Introduction: Fire Polished Spoon
I carved this spoon out of tamarack wood, charred it with a propane torch and finished it with a kitchen sponge. I like the smooth surface of burnt wood as well as the way it highlights wood grain. However, charring also changes the chemical and physical properties of wood. Charred wood is harder (and more brittle) and I have read that it is less porous and is more resistant to insects and fire. This entire project took me less than two hours, the longer the project takes the more likely it will be that the finished product cracks.
Step 1: Collecting Wood
I recommend using a straight grained piece of green conifer wood for this project. I used part of a tamarack sapling for this project. The wood should be cut off the tree right before carving (or frozen until you are ready to start). I cut down a sapling late this fall and the wood has been buried frozen in the snow for several months. A suitable piece of wood should be over two inches in diameter. It is important that the spoon does not cross the pith or contain knots (the pith is the thin dark stripe of bark-like wood at the very core of the concentric growth rings in a piece of wood). Charring puts a lot of stress on a piece of wood and the more varied the grain is the more prone it will be to splitting.
Step 2: Shaping the Spoon
My piece of wood was about 3 inches in diameter and I used a hatchet to split off a quarter round. I carved off any splintered areas as well as the bark with a Sloyd whittling knife. I intended this spoon to be for my niece so I wanted it to be small, smooth, have a handle one could chew and survive being thrown on the floor. I used one of my step-son's old baby spoons, and my pinkie as models. Any spoon could be used as a model as long as the wood is at least 1/8" think in all areas. I matched the shape of the bowl to that of his spoon and a tapered it back to a handle roughly the shape of my smallest finger. I carved out most of the exterior shape before hollowing the bowl. I used a fishtail gouge to carve the bowl and then refined the shape of the handle. I worked very quickly so the wood was still cool and damp when I started using the torch.

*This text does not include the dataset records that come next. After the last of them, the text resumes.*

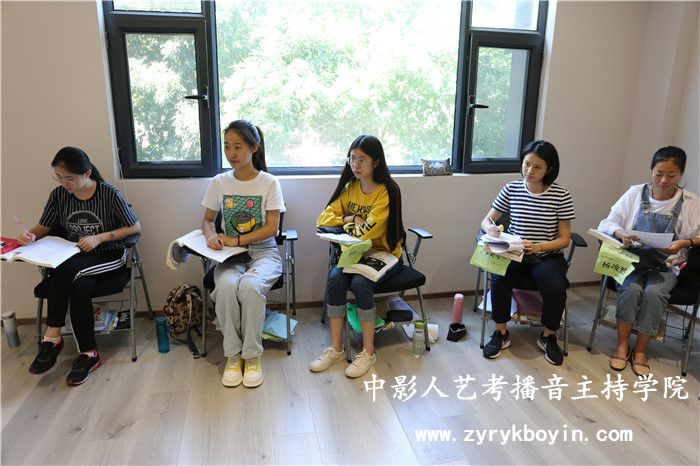 自備稿件朗誦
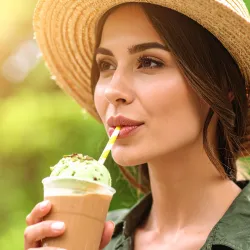 Frozenccino Pistachio Chill Cold Cappuccino Pistachio Ice Cream 25g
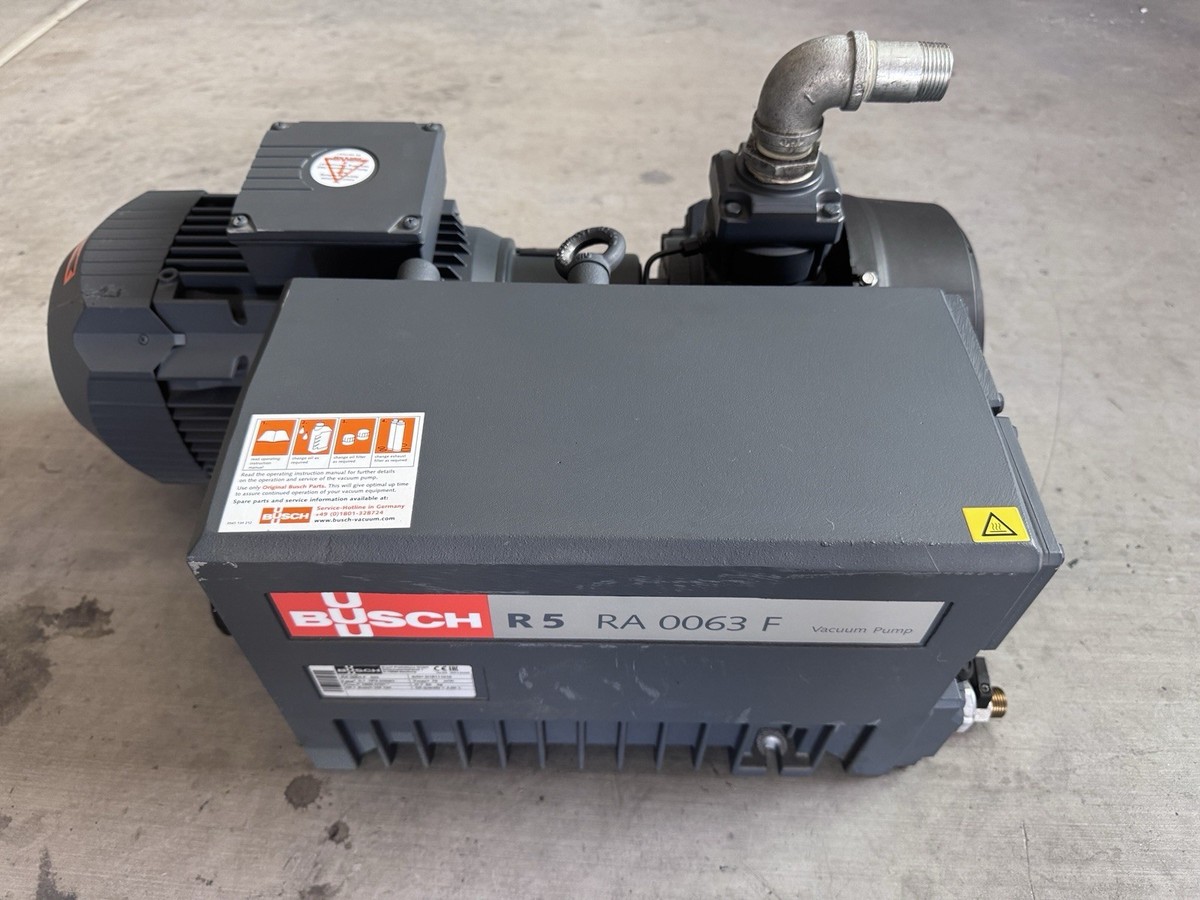 Busch RA 0063 F 503 Rotary Vane Vacuum Pump Single Stage 76 m³/h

Step 3: Charring the Spoon
As soon as I had established the shape I wanted I took my work outside to burn it. I set the propane torch, pliers, liter and spoon in an old cast iron pan in the snow. I made sure that there was nothing near my work area that was in danger of lighting on fire, then I started the torch. I held the spoon in one hand and the torch in the other. When I was worried that the surface would be too hot, or the flame would be too close to my fingers I used the pliers to hold the spoon.

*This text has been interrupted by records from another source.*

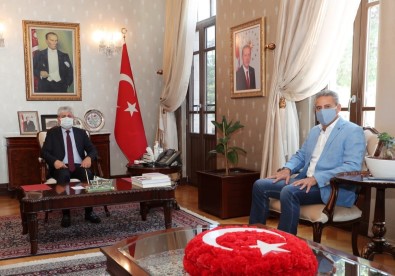 Hadi Açiklamasi 'Savastan Kaçan Sivilleri Misafir Kabul Eden Tek Ülke Türkiye'dir'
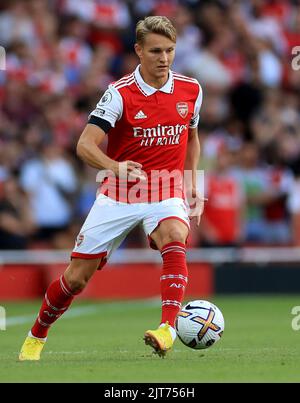 Martin Odegaard, del Arsenal, en acción durante el partido de la Premier League en el Emirates Stadium de Londres. Fecha de la foto: Sábado 27 de agosto de 2022. Foto de stock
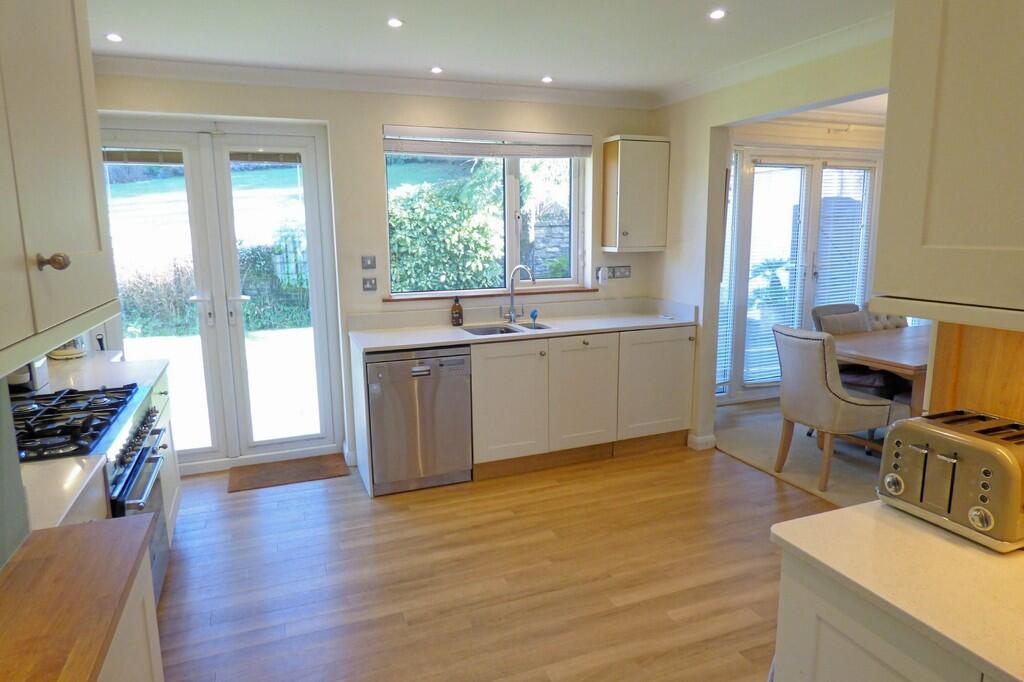 Additional image 7 of Greensleeves Avenue, Broadstone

Charring the wood to the right point is not easy and I have ruined many projects. The wood needs to be heated just enough that it glows ever so slightly in the torch flame. The wood may blacken with soot without actually charring or it may catch on fire and burn uncontrollably. I suggest starting with the end-grain and then working toward the middle. Sap can boil out of the endgrain and make it difficult to burn evenly. If too much sap comes out of one area scrub the spoon and tackle it on a second round rather than trying to burn it all at once.
Step 4: Polishing
I scrubbed the spoon with a damp kitchen sponge and then gently rinsed off the soot. Then I dried the spoon for 20 seconds in the microwave. There were two small spots on the spoon that were not dark enough so I took the spoon back outside and carefully recharged these areas. Then I scrubbed and microwaved again. I further polished the spoon's surface by rubbing it on a large piece of leather. When I was happy with the surface I put the spoon back into the microwave for 10 seconds and rubbed it in ground flax seed. The flax hulls helped furter smooth the surface and oils from the flax added to the wood's sheen.
P.S. Similar techniques can be used to make all kinds of other projects including the cheese knife pictured above.